Change in anastomotic practice due to COVID‐19

Data were collected on the intraoperative decision on stoma formation. Where patients had a stoma, surgeons were asked if this was their ‘normal practice’ or a ‘change in practice due to COVID‐19’. The group with a stoma created as a change in practice were labelled ‘COVID‐end‐stoma’ or ‘COVID‐defunctioning‐stoma’ for tables and analyses. If the patient had a stoma formed and the surgeon indicated a ‘change in practice due to COVID‐19’, they were asked to list all the reasons that applied to that case for this change (Figure S1).

Prepandemic data

Prepandemic data on colorectal cancer surgery were obtained from published European Society of Coloproctology (ESCP) 2015 Right Hemicolectomy Audit [19, 20, 21] and the 2017 Left Colon, Sigmoid and Rectal Resections Audit [18, 22] Data. Data from 5792 patients from 54 countries undergoing segmental resection for a colonic or rectal cancer were used for comparison with the equivalent cohort undergoing surgery during the pandemic.

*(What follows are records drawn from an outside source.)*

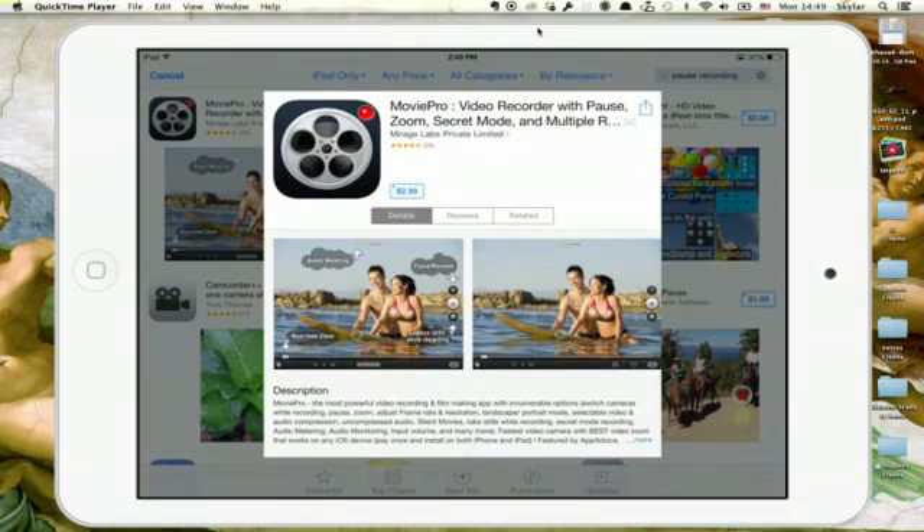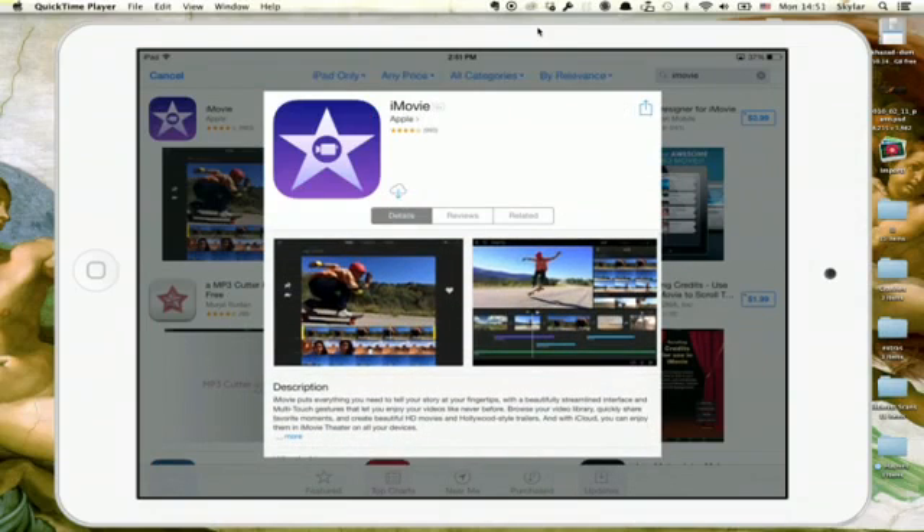Hi, I'm Skylar. Let's say you don't want to shell out $4.99 for iMovie on your iPad, but you do want to be able to, more or less, edit a video. Well, you could shell out $2.99 and get what seems to be the only game in town.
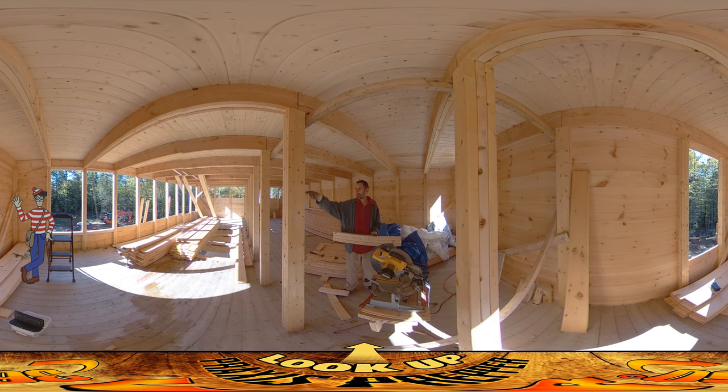I'm going to stop blabbing and get back to work because we really need to close this place in — it's getting cold. That's it, thanks for watching.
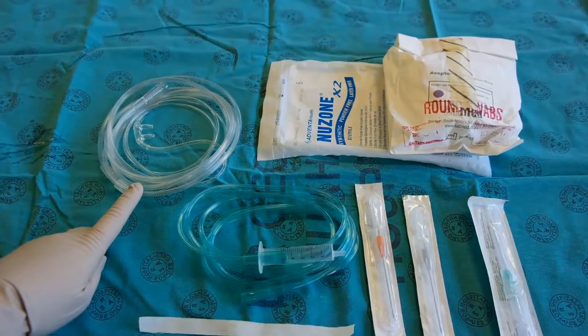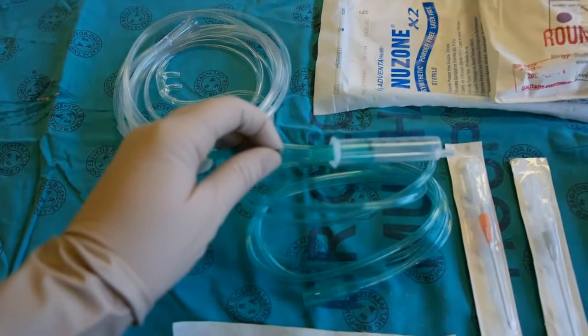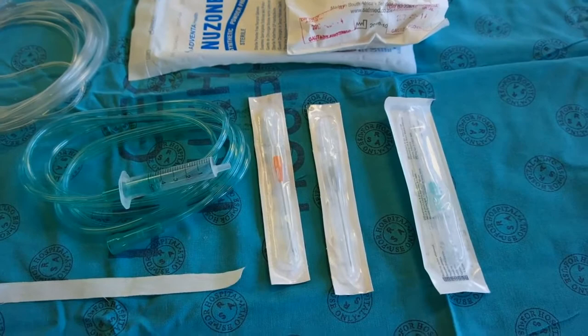Equipment you will require for the needle cricothyroidotomy: nasal prongs for passive oxygen delivery during the procedure, cleaning materials and sterile gloves, an oxygen source, oxygen tubing with a small hole cut into the side of the tubing, and a 5 ml syringe attached to the oxygen tubing.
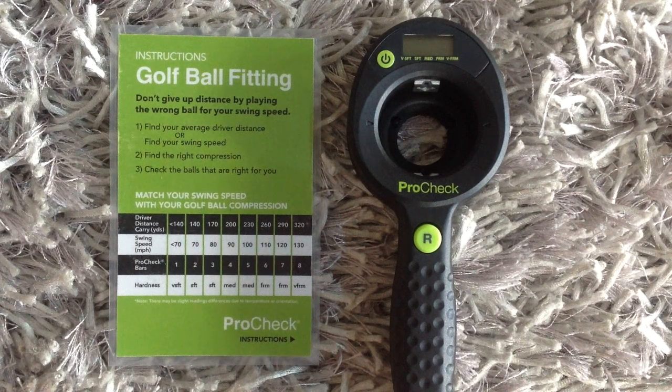Hey YouTube, Golf Gearbox here. Today we're taking a look at a new device from a company called Golf Tech — it's the ProCheck golf ball compression gauge.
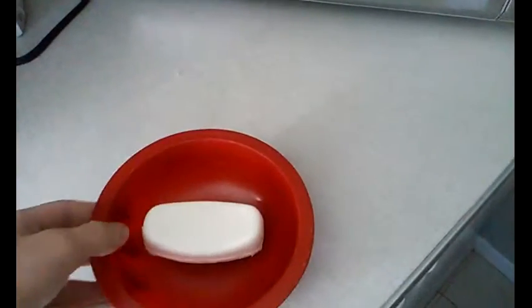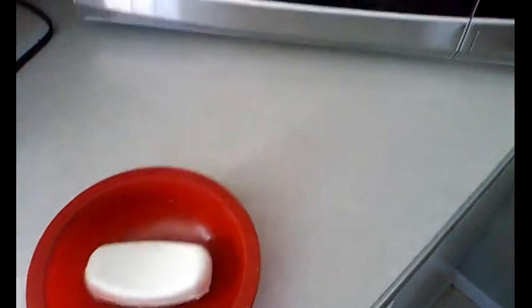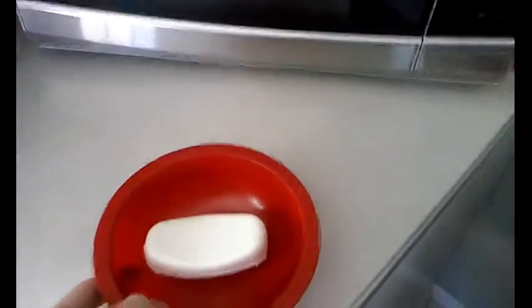Today I'm going to see what happens if I put a bar of soap into the microwave. I've seen a lot of people do this experiment before. I just want to see what happens for myself.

These data provided a contemporaneous and detailed comparison of case selection and outcomes during the pandemic and prepandemic periods. Data were not presented in these studies for total or subtotal colectomy, so no comparison was made with these operation types. TNM staging data were not available from the 2015 Right Hemicolectomy Audit and therefore comparison was not made in that field.

Statistical analysis

The study was conducted according to guidelines set by the STROBE (Strengthening the Reporting of Observational Studies in Epidemiology) statement for observational studies [23]. The chi‐square test was used to compare differences in categorical data apart from when cell sizes were small, when Fisher's exact tests were used. Continuous nonparametric data are presented as medians and interquartile ranges and median differences between groups were compared using the Mann–Whitney U‐test. Missing data are included in summary tables.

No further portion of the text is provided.